Wrong answer, Jurassic Park—raptors didn’t gang up on prey, but went it alone

By Elizabeth Rayne
Jurassic Park

Remember that epic scene in Jurassic Park where a pack of raptors attacked the T. Rex and (just by coincidence) saved the lives of the humans trapped in the museum? Turns out that probably wouldn’t have happened even if we could bring dinosaurs back from extinction.

Velociraptors were solitary hunters. Joseph Frederickson, a vertebrate paleontologist at the University of Wisconsin Oshkosh, and his team found that out after they put fossilized raptor teeth under the microscope. What they unearthed was unexpected after raptors had reached cinematic stardom snapping their jaws and ripping apart prey in packs. Frederickson’s team instead studied what these apex predators ate throughout their lives, and that gave away something quite surprising—and gruesome.

“[The velociraptor] was more analogous to agonistic reptilian carnivores, like the Komodo dragon,” Frederickson said in a study recently published in Palaeogeography, Palaeoclimatology, Palaeoecology. “Among the many differences between these two analogs is how social and asocial organisms rear their young, producing a diagnostic pattern based on the presence or absence of ontogenetic dietary changes."

You can’t exactly observe an animal in action when it’s been extinct for 66 million years. Behavior like pack hunting can’t exactly be observed in fossilized evidence, either, unless we someday find an entire pack of dinosaur skeletons trapped in lava mid-hunt after that fateful asteroid stuck. What the researchers did instead was compare raptors to their closest living relatives, especially the Komodo dragon. This giant lizard with lethal saliva is also a cannibal. Adult Komodos have no problem snapping up babies (not their own) for dinner, so the juveniles get back at them by climbing trees and eating whatever is available up there instead of risking it on land.

Jurassic Park (1993)

Frederickson figured that if he could find out the dietary pattern of young raptors and compare that to older ones, it could reveal whether they preferred ganging up on a potential meal or hunting solo. They studied isotopes of carbon and oxygen in the teeth from the Cretaceous raptor Deionychus. The isotopes, or versions of these elements with the same amount of protons but a different amount of neutrons in the nucleus, gave them insight into the raptors’ sources of food and water. These were compared to the oxygen and carbon isotopes in the fossilized teeth of an herbivorous dinosaur and an extinct crocodilian from the same site where the raptor fossils were found.
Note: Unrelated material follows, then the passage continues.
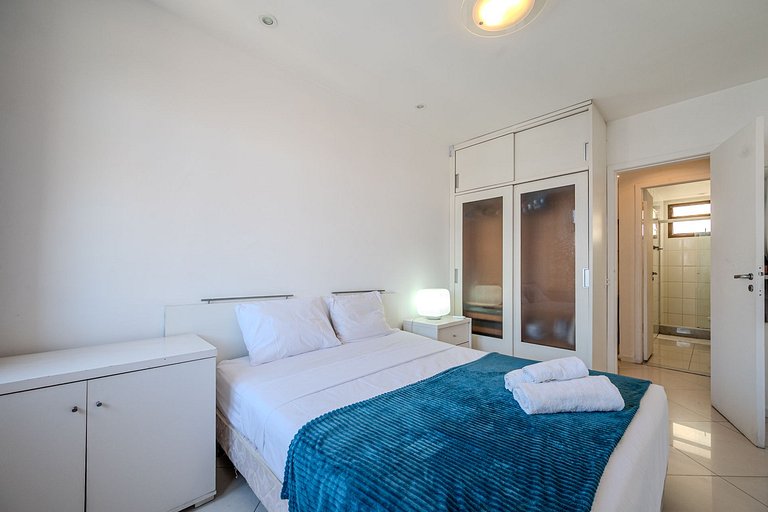 Fully furnished apartment between Ipanema and Copacabana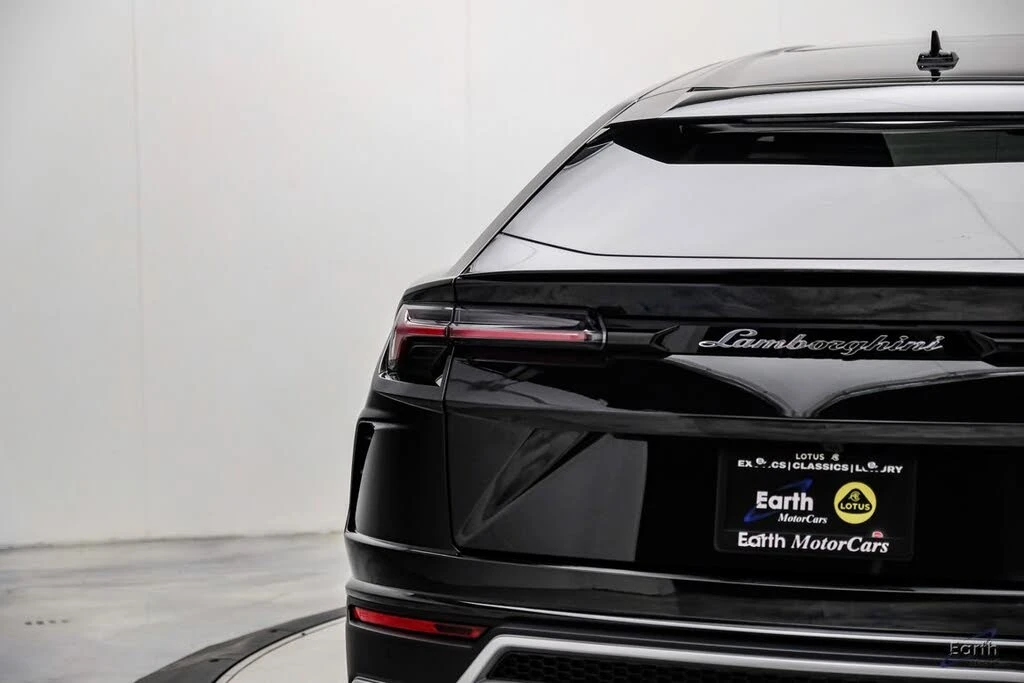 2022 Lamborghini Urus - Image 14 of 31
Apparently, the ancestors of crocodiles also seemed to go the Komodo dragon way until they were large enough to hold their own. Both their teeth and the raptor teeth showed similarities in how they ate as they transitioned from juveniles to adults. The juvenile teeth had different amounts of carbon than the adult teeth, meaning that they were eating different foods while going through growing pains and escaping predators of their own kind. What an animal eats ends up becoming part of its body. Carbon isotopes from ancient plants can tell scientists where these plants grew, from location to environment. Analyzing stable isotopes (which never decay) of carbon in the younger raptor and crocodile teeth proved that they indeed ate plants, which meant that they were climbing trees in the area to stay alive.

“This is what we would expect for an animal where the parents do not provide food for their young,” Frederickson said in a press release. “We also see the same pattern in the raptors, where the smallest teeth and the large teeth do not have the same average carbon isotope values, indicating they were eating different foods. This means the young were not being fed by the adults, which is why we believe Jurassic Park was wrong about raptor behavior.”

Jurassic Park is guilty of another error. Raptors don’t hunt prey larger than themselves. So however awesome it was to see them tearing at T-Rex with those dagger teeth, they would have never had an appetite that huge.

(via University of Wisconsin Oshkosh/Palaeogeography, Palaeoclimatology, Palaeoecology)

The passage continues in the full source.